I have always hated mountaintop removal mining, but never gave speaking out about it much thought, because as you wrote, I thought my one old voice ain’t gonna matter none. I also figured what can one 64 year old year old woman do anyway. I got two bad knees ate up with arthritis so I can’t stand for too long. Much like Vicky Terry I live like a hermit with my dogs. I talk to my kids everyday, but mostly just keep to myself, minding my own if you will.
I had seen so much bad in the world that, like Vicky I had given up on people.
I read your three columns and I decided I am tired of being alone. I believe mountaintop removal mining is wrong in every way. Maybe nobody cares what this old woman has to say, but they are going to hear it. There’s lots of us old folks out there that think mountaintop removal mining is wrong, but we think that we are too old and nobody will listen to us.

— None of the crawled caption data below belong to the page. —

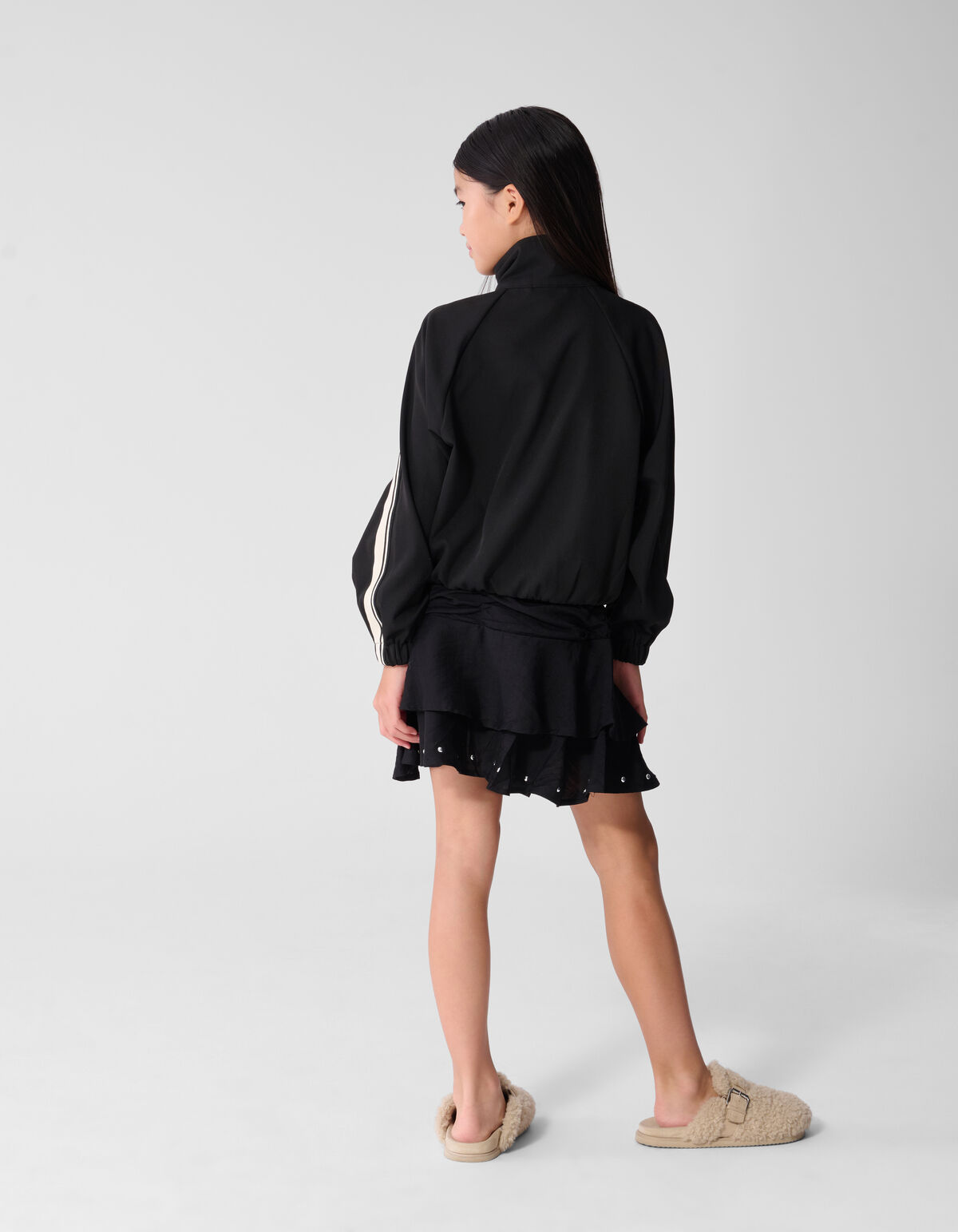 Ruffle Stud Rok Schwarz SHOEBY GIRLS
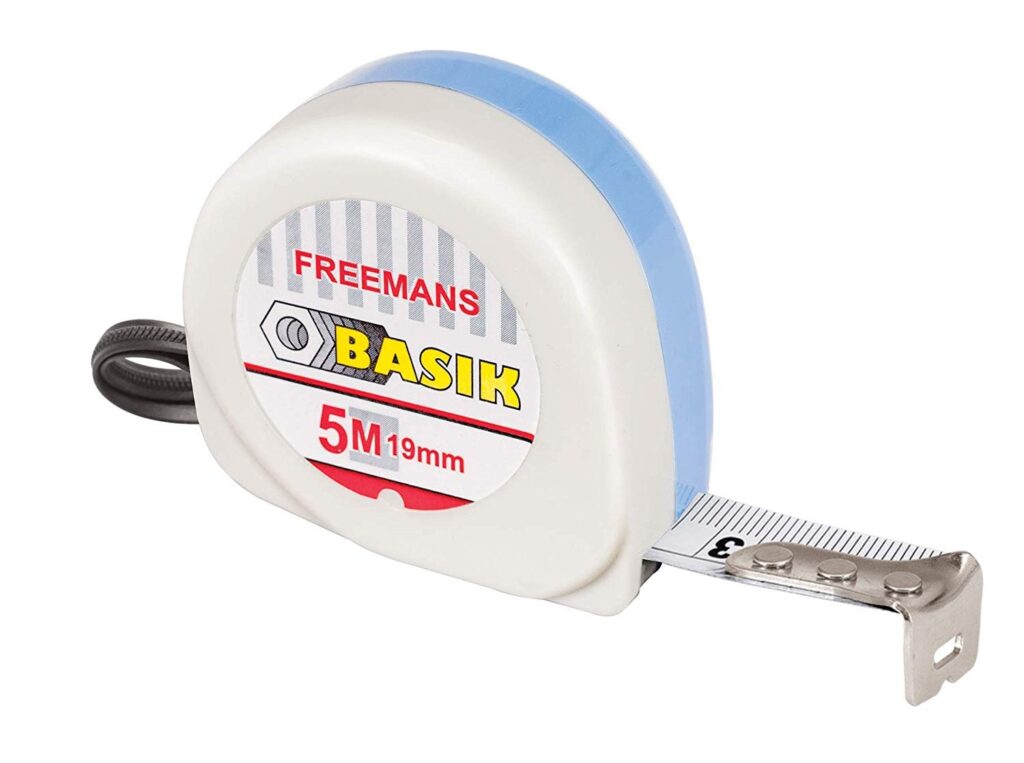 Freemans Basik Plastic 5M : 19mm Measuring Tape (Blue And Wh…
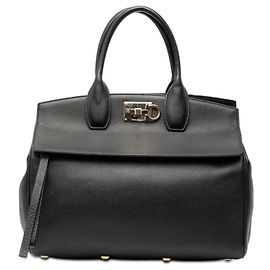 Salvatore Ferragamo Gancini Studio Handbag Black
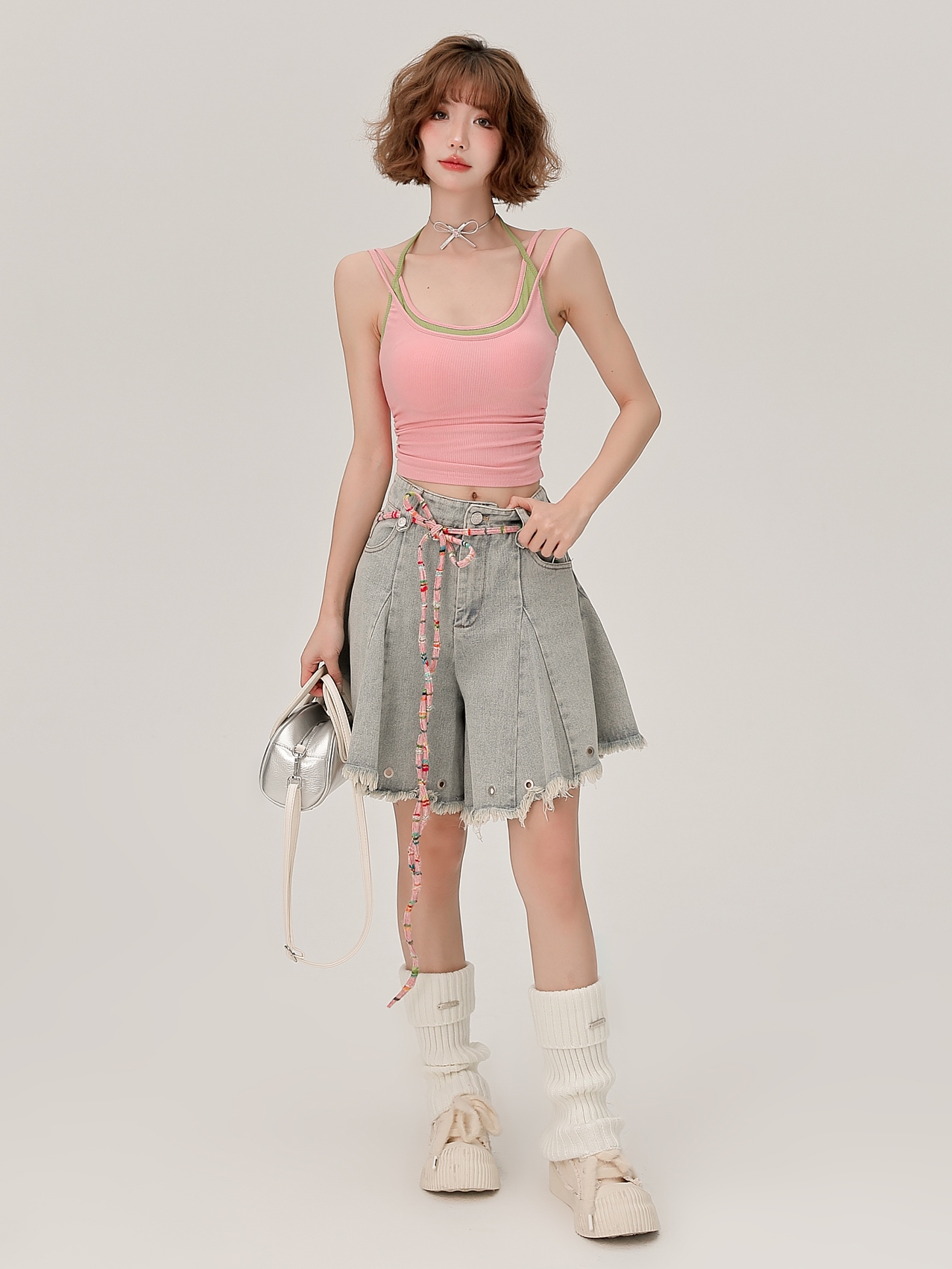 Women's Summer Fake Two-Piece Camisole with Chest Pads, Double Shoulder Straps, Sweet Spicy Inner Outer Wear Top Women's Summer Fake Two-Piece Camisole with Chest Pads, Double Shoulder Straps, Sweet Spicy Inner Outer Wear Top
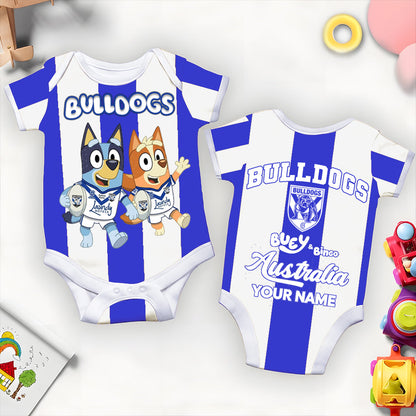Premium NRL X CB Bluey & Bingo  Baby Romper Custom Name For Kids V4 NDT LVH 230326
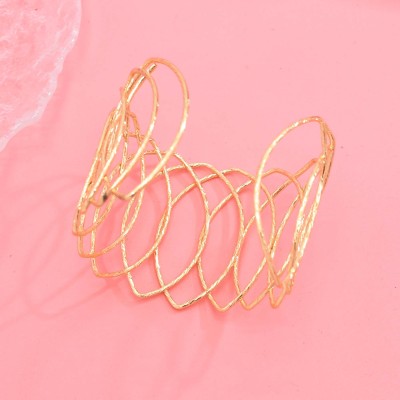B-1346 Simple Gold Geometric Open Bracelet Fashion Punk Arm Bracelet Jewelry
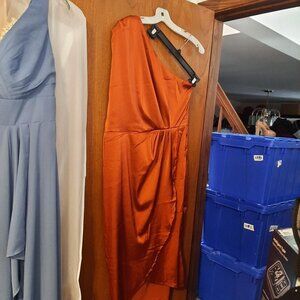 NEW ! Lyaner One Shoulder High Split Sleeveless Ruched Maxi Long Dress Brown XL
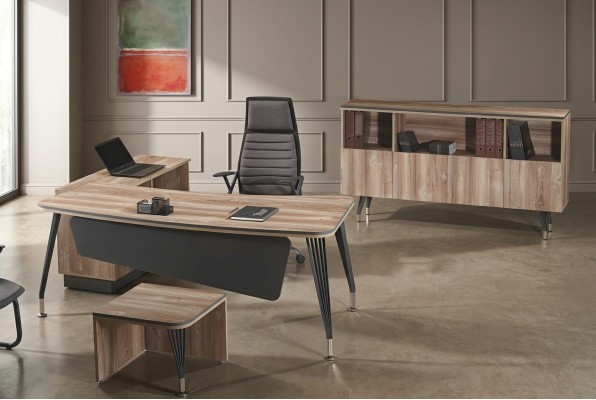 Study furniture complete office corner office desk office 3-piece wood brown set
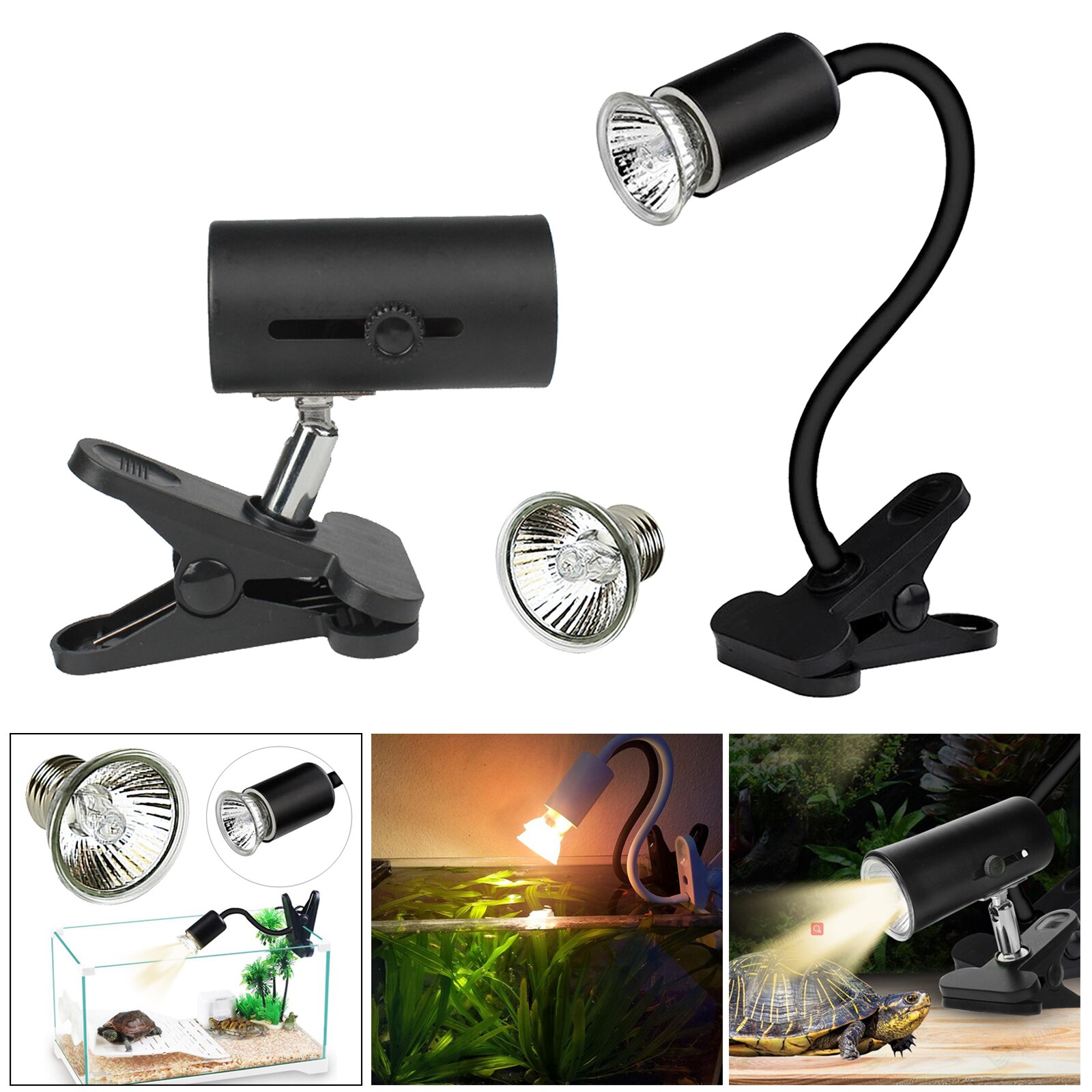 Lampe chauffante UVA + UVB pour Reptile, tortue, Mini ampoule chauffante pour animaux de compagnie, lézards amphibiens, régulateur de température, lumière UV, 25/50W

Saturday I went down to the Senior Center for lunch. I had not done that since my Harvey passed. I saw a lot of old friends and after we caught up I brought up mountaintop removal mining. We ‘old biddies’ as my daddy called blue haired ladies, all had the same thoughts and feelings on the subject. After a bit of haggling we decided we should meet at the Center once a week to discuss petitions we can sign and are all joining Facebook, so we can keep in touch with you and see what we can do to make a difference. We have even decided to take a bus to Washington so we can be there for the Appalachia Rising event.
When I returned home, I decided to email you and say thank you. My heart feels much lighter now and I am not going to hide away in this old house no more. We are going to take turns meeting at each others houses and sharing computers so we can sign petitions. Can you tell me where the best place to find petitions is?
I read in your biography that you run an organization called the Friends of the Mountains I would much like to talk to you about joining that. I want you to tell Maria Gunnoe, Deborah Deatherage and Vicky Terry that they helped change a old woman’s way of thinking. They are mighty special women and I wish them the best life has to offer.
My phone number is x-xxx-xxx-xxxx please call me when you have a minute and tell me what my friends and I can do to make difference. Thank you again Tammy for these beautiful stories that touched my life in such a way that it will never be the same again.